OTHER, not pictured:

I’ve used a few other items not pictured or listed above (usually for adding/creating textures):





  1. I’ve been asked several times now, “do I really need all that stuff?” so I guess my disclaimer in the blog post wasn’t large or clear enough.


    Technically, the ONLY things you truly need are ink and paper. Seriously, you can create a painting with only those two things and nothing else but your hands.

    The items in the photo are just MY collection of tools. It may grow, and it may shrink. On some pieces, I use a lot of the things in the diagram, and in others, I use only a few.

    What you need and what you don’t need for alcohol ink painting will ultimately depend on you. Experiment, play, and have fun!

    • Monica, Thank you for the information. It was helpful. I really enjoy your art work and talent.

      • Thank you very much! 🙂

    • Besides all the fabulous info about alcohol inks, your writing style is clever. This is the first time I have simultaneously read about AI and smiled. Thanks!!

      • Thank you, Jeannie. I really appreciate that! 🙂

    • Monica, Thank you SO much for posting this information. New to alcohol ink painting, I have been searching for some of the tools you mentioned. Sometimes it’s difficult to find things which others are using to get amazing results. Best of wishes, Honi

    • Thanks for this post, Monica. I am a testament to the fact that all you need is ink and paper. I had been given a whole bunch of alcohol inks. Last night, I thought “why don’t I try those?”. it was pure experimentation, but lots of fun. I came across your post because I wanted to find out how to clean the brushes. And having done that paining, I can now see how some of those tools would come in handy. I imagine it’s taken years for you to discover a purpose for all of those things. There is no substitute for doing the work and having fun. And, I really kind a like the turkey vulture that started out as a crow!

    • Hi I am experimenting with alcohol inks on metal washers they’re coming out very beautiful but I can’t find the best thing to seal them with so they do not chipped or fade the ink away. I tried using modge podge with not the best results and there’s just so many suggestions on the internet that I’m becoming overwhelmed any help would be appreciated thank you

      • On your metal washers try VHT Caliper Paint in gloss clear. Use your regular spray such as Kamar Varnish, then UV-Resistant Gloss by Krylon. Then spray on caliper paint, let dry then bake in “old” toaster over for 1 hr at 200 degrees. You can purchase it at an automotive supply. You can do more than one coat before you bake it.

  2. Great info, Monica.

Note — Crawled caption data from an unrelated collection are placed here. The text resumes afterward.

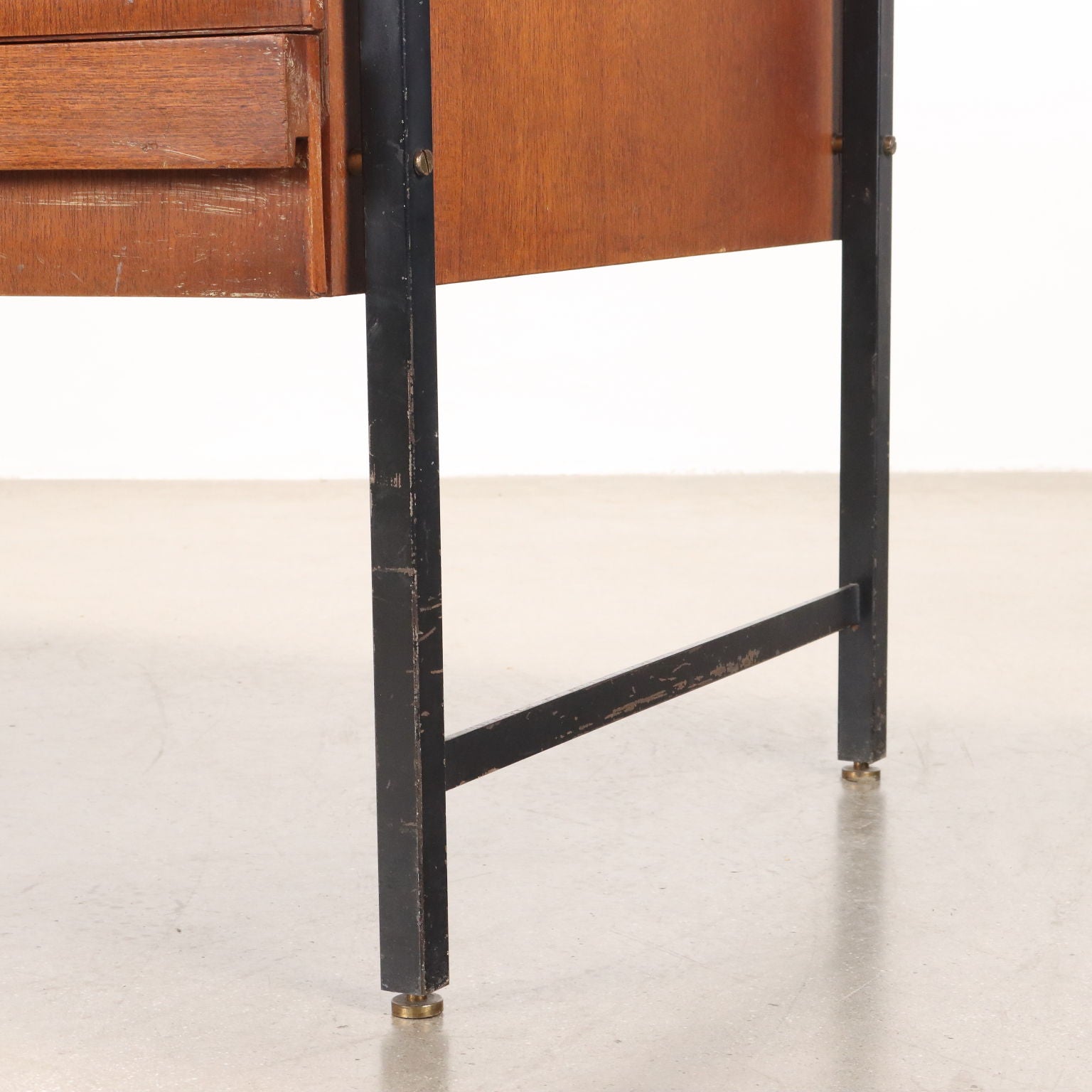  | Modernism  Tables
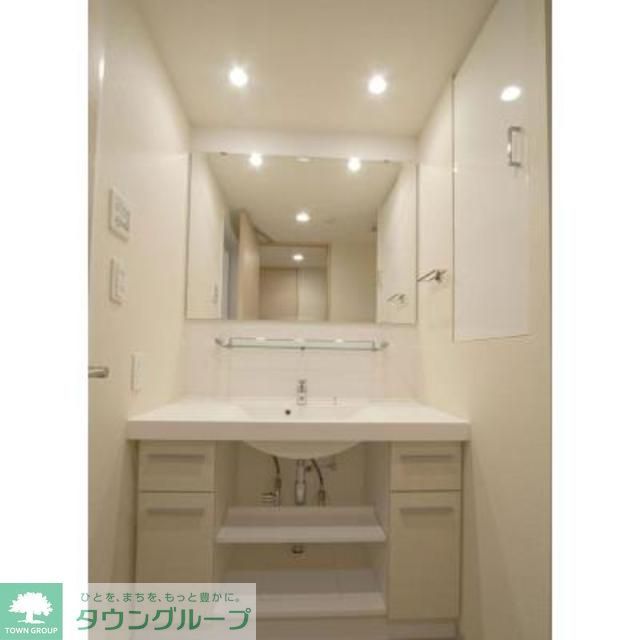 洗面設備　※写真は同タイプ住戸です。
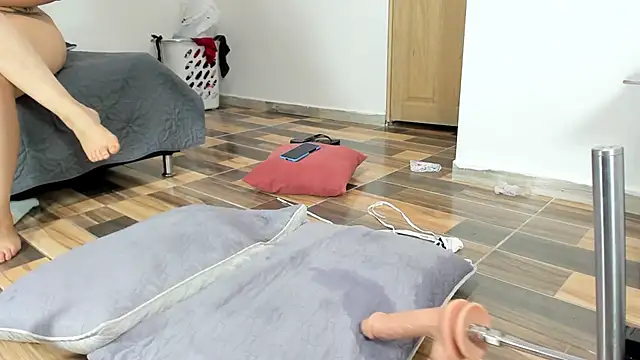 Charlotte_wilsonのウェブカメラショー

So well photographed and explained!

  3. thank you for this entrance, I didn’t know you also can mask alcohol ink, so i learned enough, I will go on the search in my country,if I can such stuff here too ☺ thanks again.

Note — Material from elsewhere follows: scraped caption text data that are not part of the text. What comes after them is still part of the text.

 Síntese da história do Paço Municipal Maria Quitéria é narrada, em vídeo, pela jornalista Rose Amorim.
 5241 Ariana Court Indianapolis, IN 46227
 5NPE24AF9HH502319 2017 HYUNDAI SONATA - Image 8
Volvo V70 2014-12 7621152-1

  4. Hello- I am just starting to dabble in alcohol ink after seeing it at a craft festival and have made two pieces myself. I found your blog extremely helpful & informative; especially the supply list. I was wondering if you have come across a “tried & true” sealer that you could recommend? I have searched the Internet and seem to get varying answers. I was looking for something that would protect the pieces as coasters from condensation & moisture and keep pieces from scratching or chipping off. Any knowledge you could share on the subject would be greatly appreciated. Thanks so much! -Erin Martter

    • Hi Erin, thanks for your kind words. I have done several ceramic tiles and sealed them with Krylon Triple Thick Acrylic Glaze. Mine were not meant to be used as coasters, so I was not concerned with things like hot beverages being placed on the tiles, putting them in a dishwasher, etc. I prefer to work on paper or board, and while I have a large stack of ceramic tiles, I don’t expect to be using them soon…and the sealing conundrum is part of the reason for that.

      It seems there is a lot of discussion (and confusion) on what’s the best thing to use, and to be honest I haven’t paid much attention to it, since it hasn’t been a priority for me.

      I do recommend that, if you have not already, you check out the Facebook group for Alcohol Ink painting here: There are many members from beginner to advanced, and everyone is very open to share their techniques and findings from experiments with this relatively new medium. I know there have been many discussions about proper sealing, especially where tiles are concerned. I don’t know if there is a definitive answer, but you are sure to find some helpful information. It may take some scrolling, or perhaps you could check out the documentation that’s been saved in the “files” section of the group.

      Best of luck to you!

      • Thanks so much Monica! I joined the group andd have already been inspired by some of theh great work and information there.

    • I have used this tutorial to make photo coasters and they came out perfectly! The resin gives it a beautiful finish. I have seen alcohol ink coasters sealed with resin for sale on test, so I imagine it can be done the same way. Hopefully the link works.

  5. I have purchased several colors of alcohol inks, but haven’t used them. My goal is to use the inks on Yupo. I found your web site very informative. Thank you for sharing your expertise.

  6. Hi Monica, I have spoke to you already, about alcohol inks and demoing for my art group. Thank for informing me that you don’t teach due to your busy schedule etc. My question has most like been answered, but I too was wondering what fixative to use on a painting, like on Masonite board? I did some research on that, and found out that some artist use matte fixative then seal it with an acrylic sealer. Is that something you would do? I know that you can’t spray to close using a fixative or it can make your painting bleed.

    Thank You,
    Mary Dubinsky

    • I seal all of my alcohol ink paintings with Krylon UV Resistant Clear Gloss. Most of my paintings are on Yupo, for which I use 3 or 4 very light coats. I have done some on Yupo and mounted to wood (not framed under glass) and have used much thicker application with several coats – this gives it a shiny finish similar to resin.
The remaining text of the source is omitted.